The texture of the sponge is moist and slightly dense, but in a gorgeous sticky fruity way. You can see from the slices that this doesn’t prevent it from being a light, springy cake. It needs that little bit of substance to support and balance the combination of flavours.
I made this cake for my mum’s birthday last week. I actually found this recipe a year ago, just after her last birthday, and have been sitting on it for a year, waiting for parsnips to come back into season and for her birthday to roll round again. It was definitely worth the wait and due to its moist texture, a simple flour substitution was all that was required to make it gluten free. Best cake ever!
Parsnip, Apple & Orange Pecan Cake with Maple Mascarpone Frosting (GF)
(Recipe adapted from BBC Good Food)
Ingredients
175g butter
200g light soft brown sugar
100g golden syrup
3 eggs
250g Doves gluten free self raising flour (or regular flour)
2tsp gluten free baking powder
2tsp mixed spice
250g parsnips (about 2 large)
125g eating apple (I used Cox)
50g pecan nuts
Zest and juice 1 orange
Maple Mascarpone Frosting
250g mascarpone cheese
2tbsp maple syrup
3-4tbsp milk
For the Cake
Heat oven to 180C. Grease and line two 8inch/20cm sandwich tins.
Melt the butter, sugar and golden syrup together in a large pan over low heat, stirring occasionally until the sugar has dissolved. Set aside to cool for 10 minutes.
Meanwhile, Peel the parsnips and coarsely grate them along with the apple (you can leave the skin on but remove the core). Roughly chop the pecans and finely grate the zest from the orange.
Using a large spatula, whisk the eggs into the melted sugar mixture, then stir in the flour, baking powder and mixed spice. Add the parsnip, apple, pecans and orange zest. Squeeze in the juice from the zested orange and mix well.

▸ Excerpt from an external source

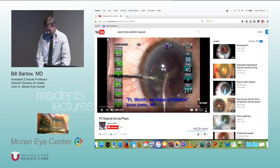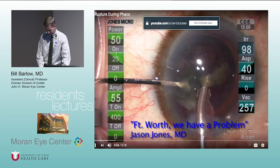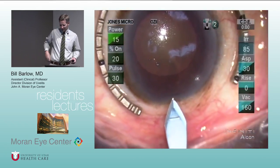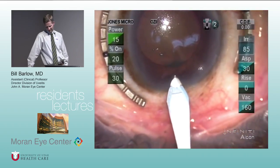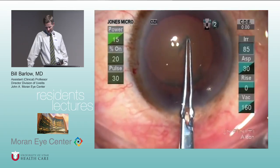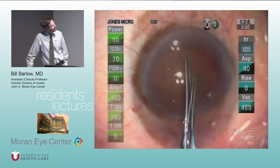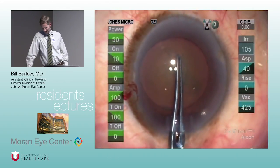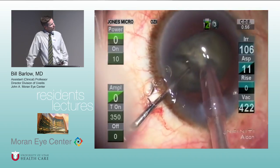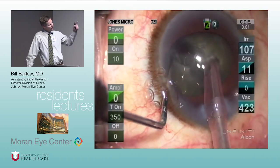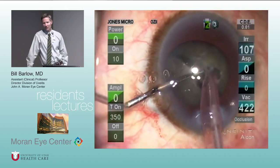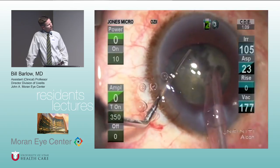Jason Jones is a former Moran resident and now a high-volume surgeon in Iowa. In this video, you can see he's creating his wound very deliberately, completed his capsulorhexis, and is using a sharp chopper — a modified vertical chop technique. He buries the tip, goes peripheral, drives it posteriorly toward the phaco tip. Then we can see a break occurring posteriorly — the posterior capsule has come forward.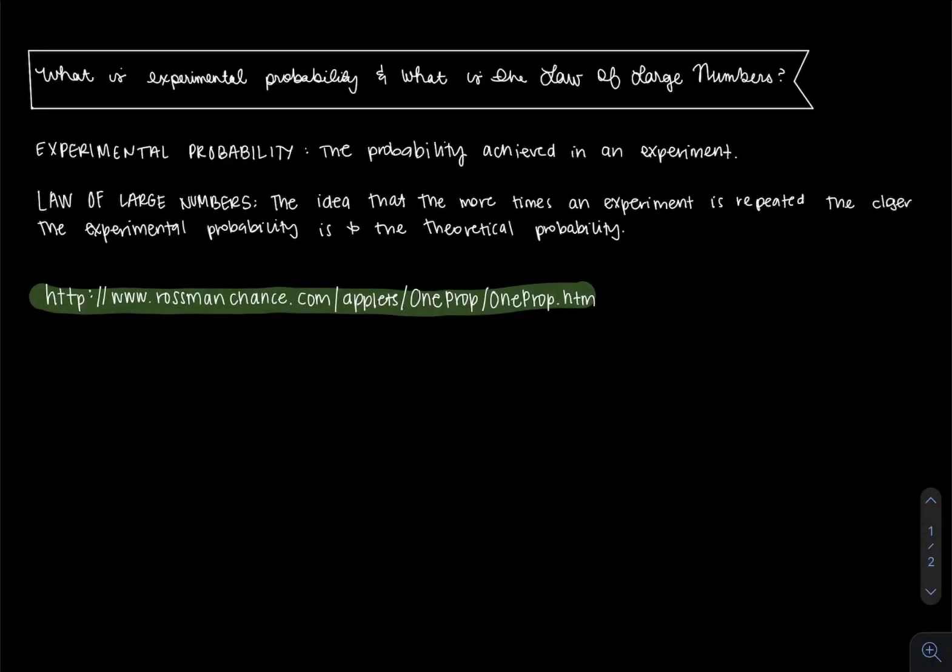Hi everyone, Professor Christina Sober from Cal State Long Beach speaking here. In this video we're going to be talking about what is experimental probability and what is the law of large numbers.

Divide the batter between the tins (it will be quite full) and bake for 25-30 minutes until golden brown and the tops spring back when pressed lightly.
Allow to cool in the tins for 10 minutes before turning out onto wire racks to cool completely.
For the Frosting
Place the mascarpone in a bowl and leave for 15 minutes to warm to room temperature.
Add the maple syrup and beat together until well incorporated. Add enough milk so that you achieve a thick, yet spreadable consistency.
Place one cake layer on a serving plate and place spoonfuls of the frosting over the surface. Use a knife to spread the frosting out into an even layer, right to the edges of the cake.
Top with the second cake layer and dust the top lightly with icing sugar.
Serve in generous slices. The cake becomes even moister and stickier the following day.